Generalized Linear Model — gamlj

Generalized Linear Model with options to estimate logistic, probit, ordinal, multinomial and custum link function models. Provides options to estimate posthoc, simple effects and slopes, plots of main effects and interaction. Model comparison is also an option.

gamlj_glm(
  formula = NULL,
  data,
  model_type = "linear",
  dep = NULL,
  factors = NULL,
  covs = NULL,
  offset = NULL,
  weights = NULL,
  model_terms = NULL,
  fixed_intercept = TRUE,
  nested_intercept = NULL,
  custom_family = "gaussian",
  custom_link = "identity",
  nested_terms = NULL,
  omnibus = "LRT",
  estimates_ci = FALSE,
  ci_method = "wald",
  boot_r = 1000,
  ci_width = 95,
  contrasts = NULL,
  contrast_custom_values = NULL,
  contrast_custom_focus = NULL,
  show_contrastnames = TRUE,
  show_contrastcodes = FALSE,
  vcov = FALSE,
  plot_x = NULL,
  plot_z = NULL,
  plot_by = NULL,
  plot_raw = FALSE,
  plot_yscale = FALSE,
  plot_xoriginal = FALSE,
  plot_black = FALSE,
  plot_around = "ci",
  emmeans = NULL,
  posthoc = NULL,
  simple_x = NULL,
  simple_mods = NULL,
  simple_interactions = FALSE,
  covs_conditioning = "mean_sd",
  ccm_value = 1,
  ccp_value = 25,
  covs_scale_labels = "labels",
  adjust = list("bonf"),
  covs_scale = NULL,
  expb_ci = TRUE,
  es = list("expb"),
  propodds_test = FALSE,
  plot_scale = "response"
)

Arguments

formula: (optional) the formula of the model compatible with glm. If not passed, model terms should be defined as a list in model_terms option. For logistic and probit models formula can be of the form `cbind(success,fail) ~ x ` where `success` is the counts of success (y=1) and fail is the counts of failure (y=0). It accepts also the the form `probabilities / totals ~ x ` where `probabilities` is the probability of success and `totals` is the number of cases.

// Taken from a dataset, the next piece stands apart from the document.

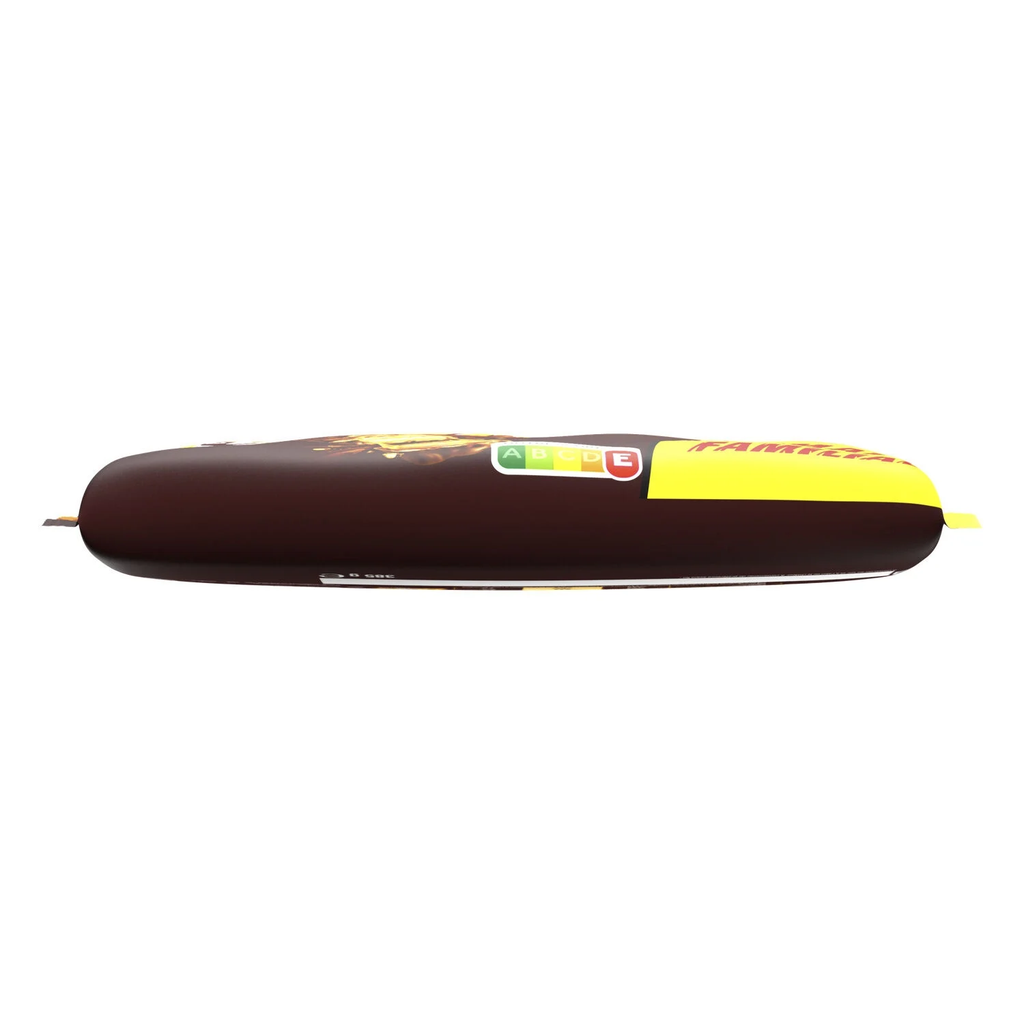 import_3033710042814_4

data: the data as a data.frame
model_type: define the type of model (link function and distribution combination) required. It can be linear, poisson, poiover, nb, logistic, probit, custom, ordinal, multinomial, and beta.

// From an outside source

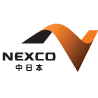 Logo Central Nippon Expressway Co., Ltd.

dep: a string naming the dependent variable from data; the variable must be numeric. Not needed if formula is used.
factors: a vector of strings naming the fixed factors from data. Not needed if formula is used.

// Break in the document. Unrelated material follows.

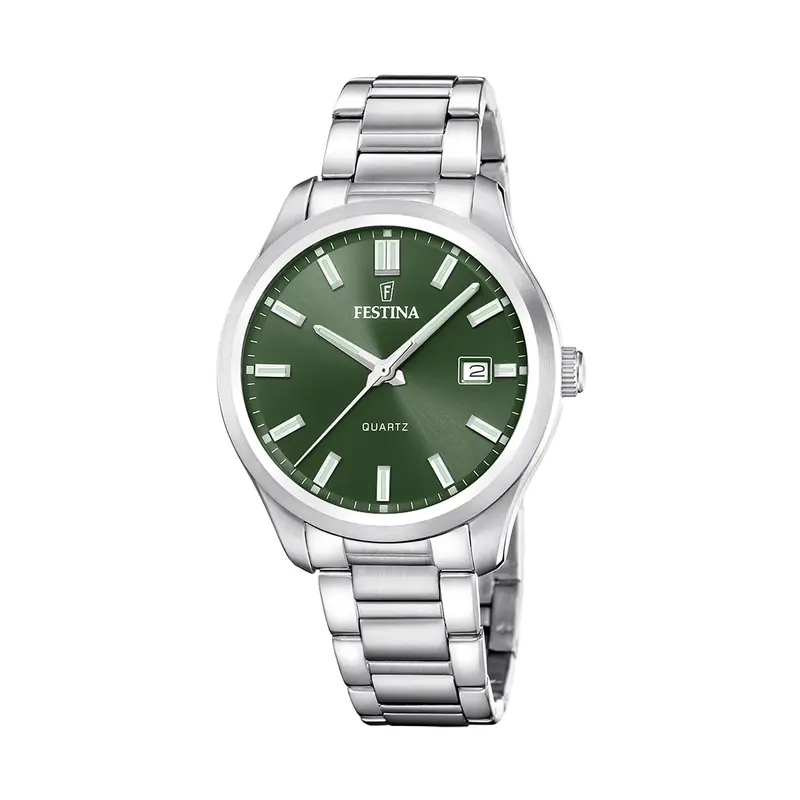 Orologio Festina F20736_4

covs: a vector of strings naming the covariates from data. Not needed if formula is used.
offset: a vector of strings naming the offset variables.
weights: an optional variable name indicating the vector of ‘prior weights’ to be used in the fitting process. Should be NULL or a variable name in the data.
model_terms: a list of character vectors describing fixed effects terms. Not needed if formula is used.
fixed_intercept: TRUE (default) or FALSE, estimates fixed intercept. Not needed if formula is used.
nested_intercept: TRUE (default) or FALSE, estimates fixed intercept. Not needed if formula is used.
custom_family: Distribution family for the custom model, accepts gaussian, binomial, gamma and inverse_gaussian.
custom_link: Distribution family for the model_type="custom", accepts identity, log and inverse. Use onemu2 for 1/mu^2).
nested_terms: a list of character vectors describing effects terms for nested model. It can be passed as right-hand formula.
omnibus: Whether the omnibus test for the model should be wald or LRT.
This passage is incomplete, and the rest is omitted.